The interesting thing about this story is that there is… no new information available. Not really. What you see is what you get with this one — although, as it turns out, there’s more to be found with what we already have if you examine it closely.
[Like what you read? Check out Dangerous Games To Play In The Dark, available from Chronicle Books now!]
For that reason, I think it’s worth taking another look at the Susie’s Dying phone number story—a closer one that builds out the bigger picture a bit. Because even though we still don’t really know what the real story was — and, in all probability, we never will — there’s enough out there that we can make a few educated guesses about it all.
Ready?
Here we go.
The Haunted Phone Box: A Legend Begins
There are four primary accounts of the Susie’s Dying legend that are passed around so frequently, they’ve more or less become pieces of copypasta.
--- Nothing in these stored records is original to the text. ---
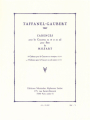 Taffanel-Gaubert/ Mozart: 3 Cadences Concerto G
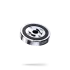 Αντικραδασμικό Module SP Connect Anti Vibration Module SPC+ Chrome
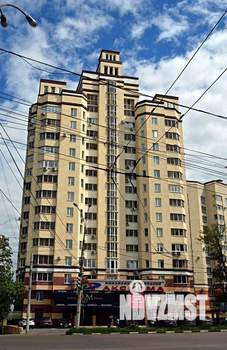 3-к квартира, на длительный срок, 100м2, 13/15 этаж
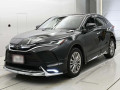 2023 Toyota Harrier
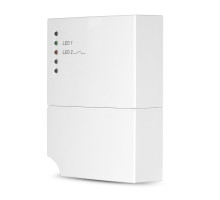 WS302 - Přijímač nástěnný WS302 - Přijímač nástěnný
They’ve been posted to a not-insubstantial number of online forums and message boards over the years, including Reddit and 4chan, and pretty much always in the same format: A short paragraph describing a memory, followed by the name of the person in possession of the memory, where they live, and the year they wrote the recollection down.
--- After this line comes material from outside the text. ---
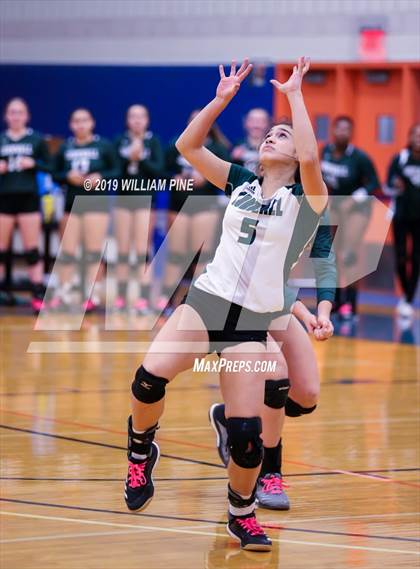Thumbnail 2 in Cornwall Central vs. Wallkill (Section 9 Class A Final) photogallery.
The first of the accounts, though, is probably the most notable, largely because it’s the least garbled and contains the most information. Dated 2000 and written by a Rob Dickinson located in Worsthorne, Lancashire, it reads as follows:
“Back around 1975 when I was nine, some of the kids I knocked around with insisted we all pile into the nearest phone box to hear a spooky message. By dialing a number — I think it was made up of zeros, twos and ones — and without needing to insert two pence, a woman, speaking in a curiously monotone voice, could be heard saying ‘Help me, help me, Susie’s dying’ over and over. Some of the lads said she sometimes said ‘Help me, help me Susie’s drowning’ — always in the same slow, seemingly bored tone of voice. Was it some weird engineer’s test signal (hence no money needed)?”
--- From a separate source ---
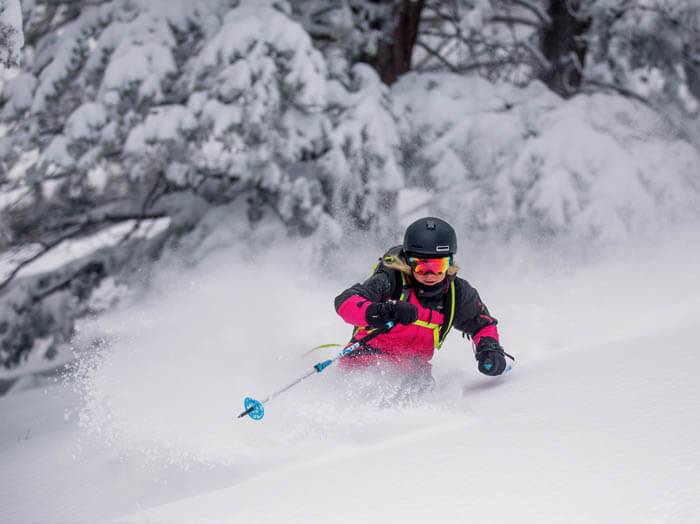 Skiing, Sun Valley. Photo Credit: Visit Sun Valley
The other three accounts, which were all recorded circa 2000-2003 and recount events that took place either in the 1970s or in the early 1980s, built off of this one, adding more details as the conversation continued on. Between these four stories, we get the following information:
- That the phone boxes used to make the calls were located in villages in and around the UK town of Burnley, up north in Lancashire;
- A few possible phone numbers that were dialed to access the message, described variously as a combination of zeros, twos, and ones; a combination of threes and twos; and the number 20202020;
- A timeframe during which this strange phone message existed (1970s – 1980s);
- And, of course, the message and its delivery: “Help me. Help me. Susie’s dying,” spoken by an emotionless, female-sounding voice and seemingly playing on a loop.
Upon further examination, it becomes evident fairly quickly that these four accounts are not only the primary accounts typically pointed to as evidence of the Susie’s Dying phone number’s existence, but also very close to the only accounts. (They’re not the only accounts, but others are very few and very far between. We’ll get to that in a bit; all in due time.) Furthermore, there’s very, very little information about the Susie’s Dying phone number available from sources outside these four accounts — that is, basically everything we know about it comes entirely from people’s memories. And, as Leonard Shelby once told us, memory is unreliable.
To get at what might be something resembling the truth of the story, we have to start by tracing those memories. And that trail both begins and, more or less, ends in the same place: The Fortean Times.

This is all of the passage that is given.